En el análisis de 96 episodios de parpadeo del perro, el 57,3% ocurrió dentro de los 1,5 segundos posteriores al parpadeo humano, pero esa proporción no superó el nivel esperado por azar.

La investigación buscó aislar el efecto del parpadeo humano de otros elementos presentes en una interacción real. La primera autora, Chiara Canori, de la Universidad de Parma, Italia, explicó: “Lo que queríamos hacer era aislar experimentalmente el parpadeo humano y separarlo de todas las demás cosas que normalmente ocurren durante una interacción social real, algo que nunca se había hecho antes”.
Cada perro vio dos videos de 40 segundos. En ambos aparecían tres personas por turnos: su tutor y dos desconocidos; en uno de los videos, cada humano parpadeaba una vez cada tres segundos, y en el otro mantenía una mirada fija sin parpadear.
El aumento del parpadeo apareció solo frente al tutor
El experimento se realizó en la Universidad de Parma. Los perros observaron las proyecciones sujetos con una correa floja, con acceso al agua, y cada sesión completa duró cerca de 12 minutos, con una pausa de cinco minutos entre un video y otro.
La respuesta principal del estudio fue clara: los perros parpadearon más cuando las personas en pantalla parpadeaban que cuando permanecían inmóviles. Pero el efecto cambió según quién aparecía en el video.

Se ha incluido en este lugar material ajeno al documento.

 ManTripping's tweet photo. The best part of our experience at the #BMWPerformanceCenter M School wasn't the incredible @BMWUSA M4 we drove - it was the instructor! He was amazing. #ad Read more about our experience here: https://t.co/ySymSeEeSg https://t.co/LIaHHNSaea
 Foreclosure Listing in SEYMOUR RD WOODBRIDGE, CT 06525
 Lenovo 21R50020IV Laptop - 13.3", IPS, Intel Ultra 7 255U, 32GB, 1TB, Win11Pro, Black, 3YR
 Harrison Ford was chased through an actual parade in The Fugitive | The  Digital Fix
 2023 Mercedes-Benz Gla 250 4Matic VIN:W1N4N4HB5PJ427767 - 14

De acuerdo con el artículo científico, el aumento solo fue significativo cuando el animal veía a su tutor parpadear en comparación con la versión de mirada fija. Ese patrón no se observó con personas desconocidas, lo que llevó a los autores a concluir que la relevancia social del interlocutor influye en la respuesta.
“Esto sugiere que importa la relevancia social de la pareja”, dijo Canori. Y agregó que el resultado no se explicaba porque los perros miraran durante más tiempo a sus tutores. El estudio también detectó una diferencia adicional dentro de la condición con parpadeo: los perros mostraron tasas más altas frente a dueñas mujeres que frente a humanos desconocidos.
No obstante, los autores pidieron cautela con ese dato y señalaron que el trabajo no fue diseñado para separar el sexo del tutor de otros factores, como la historia de interacción, las rutinas de cuidado o la sensibilidad general del perro hacia su propietario.

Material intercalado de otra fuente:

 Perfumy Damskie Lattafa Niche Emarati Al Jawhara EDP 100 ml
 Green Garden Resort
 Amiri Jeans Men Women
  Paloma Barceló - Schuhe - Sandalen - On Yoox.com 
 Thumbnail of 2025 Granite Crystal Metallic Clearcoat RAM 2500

Para llegar a estas conclusiones, los investigadores reclutaron inicialmente 38 perros de entre uno y 12 años, aunque tres quedaron fuera del análisis porque no cumplieron el criterio mínimo de mantener la cabeza orientada hacia la pantalla y los ojos abiertos durante al menos cuatro segundos en ambas condiciones. La muestra final quedó compuesta por 17 hembras y 18 machos.
El estudio no demuestra que un parpadeo sea un mensaje deliberado
La interpretación de los autores es más prudente que la intuición que puede provocar el hallazgo. El trabajo no sostiene que cada parpadeo del perro tenga un significado fijo ni que el animal lo use de forma intencional para “decir” algo.
Canori lo resumió así: “A día de hoy, no podemos decir que un perro parpadee deliberadamente para transmitir un mensaje concreto”. Y agregó: “Puede proporcionar una retroalimentación sutil sobre la atención o el involucramiento y quizá ayudar a coordinar una interacción con otro individuo, en particular con una pareja socialmente importante”.

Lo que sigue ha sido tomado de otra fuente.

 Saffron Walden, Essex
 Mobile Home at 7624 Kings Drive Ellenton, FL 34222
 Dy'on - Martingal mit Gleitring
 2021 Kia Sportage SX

La investigadora insistió en que el estudio “no muestra que cada vez que un perro parpadea esté deliberadamente ‘diciendo’ algo”. Lo que sí sugiere el trabajo, añadió, es que “este comportamiento aparentemente simple y automático puede verse influido por el contexto social; los perros parecen sensibles al parpadeo de otros individuos, y su propio parpadeo puede cambiar según con quién interactúan”.
Los autores tampoco hallaron diferencias en otras conductas registradas durante el experimento, como lamerse la nariz, jadear o apartar la mirada. Tampoco hubo variaciones entre las dos parejas de desconocidos usadas en los videos, un dato que refuerza la idea de que la diferencia principal no estuvo en rasgos individuales de esos actores sino en el vínculo con el tutor.

La etóloga Laura Cuaya, de la Universidad de Viena, que no participó en el estudio, valoró el resultado pero marcó un límite en su alcance.
“Aun así, este estudio muestra lo socialmente sensibles que son nuestros perros a señales sutiles, como el parpadeo, en nuestras caras”, afirmó. También dijo que le interesaría ver en próximos trabajos si el parpadeo humano cambia cuando las personas interactúan con sus perros en contextos sociales.